Descendre la côte jusqu’à nous

Par Chloë Rolland

 

 

Il est minuit un soir mouillé d’après la pluie, je reviens d’un souper en voiture et j’ai l’envie des trottoirs. Appareil en main, tuque et hoodie, je m’élance comme une ombre parmi les ombres et clique souvent. Le trottoir défile, me guide, m’empêche de faire faux pas sans que j’aie à y porter attention. C’est la brume dans les arbres, le halo des lumières qui me tiennent toute alerte. Mon appareil indique déjà qu’il manque de batterie, mais la nuit est trop belle pour faire marche arrière et j’ai le pressentiment que le low battery me suffira jusque-là. En bas de la côte De Lorimier, je suis la silhouette fantomatique de la prison Parthenais et descend jusqu’à Notre-Dame. Elles sont là, nos empreintes, laissées dans le béton frais de quelques carrés de trottoirs refaits il y a bien 10 ans.
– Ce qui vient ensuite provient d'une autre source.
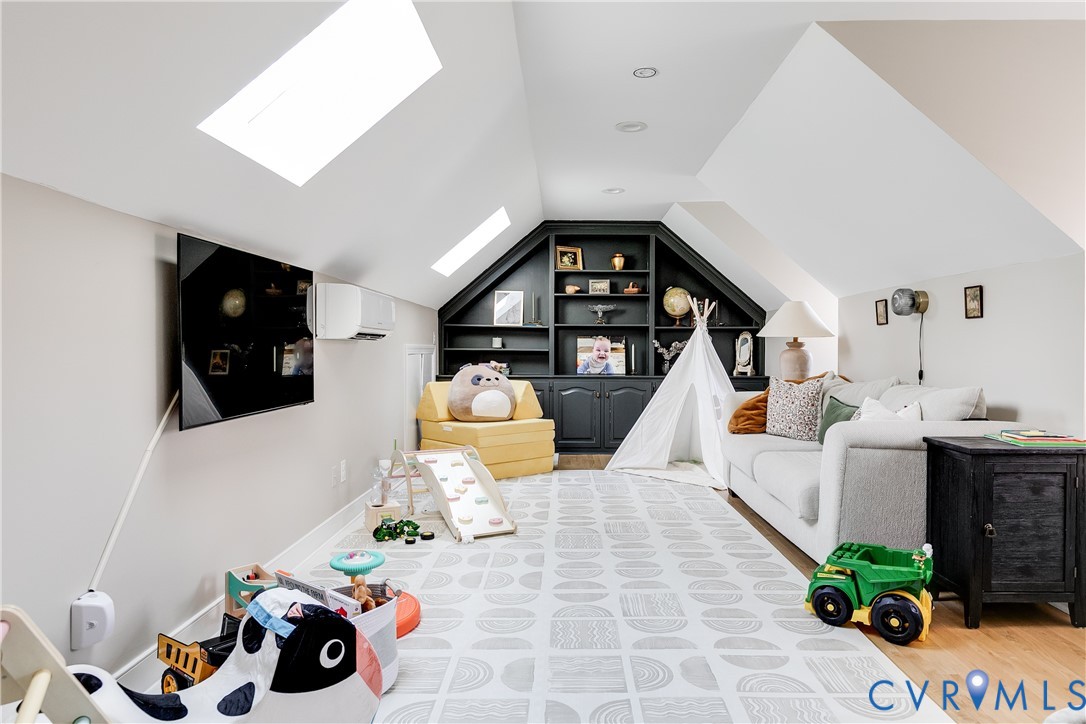 2021 Swamp Fox Road Midlothian, VA 23112 - Photo 53 of 73 a living room with furniture and flat screen tv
Ma main, ta main, une étoile que tu avais dessinée, imprimées là jusqu’à maintenant, jusqu’à ce retour sur les lieux du petit délit qui marque depuis ma relation aux trottoirs. Quelque part sous les pas d’inconnus, lorsque leurs yeux se fatiguent du port magnifique qui me happe ensuite et que leur regard se pose au sol, il y a une plaie dans le béton et peut-être des questions en suspens, quelque chose comme une intrigue.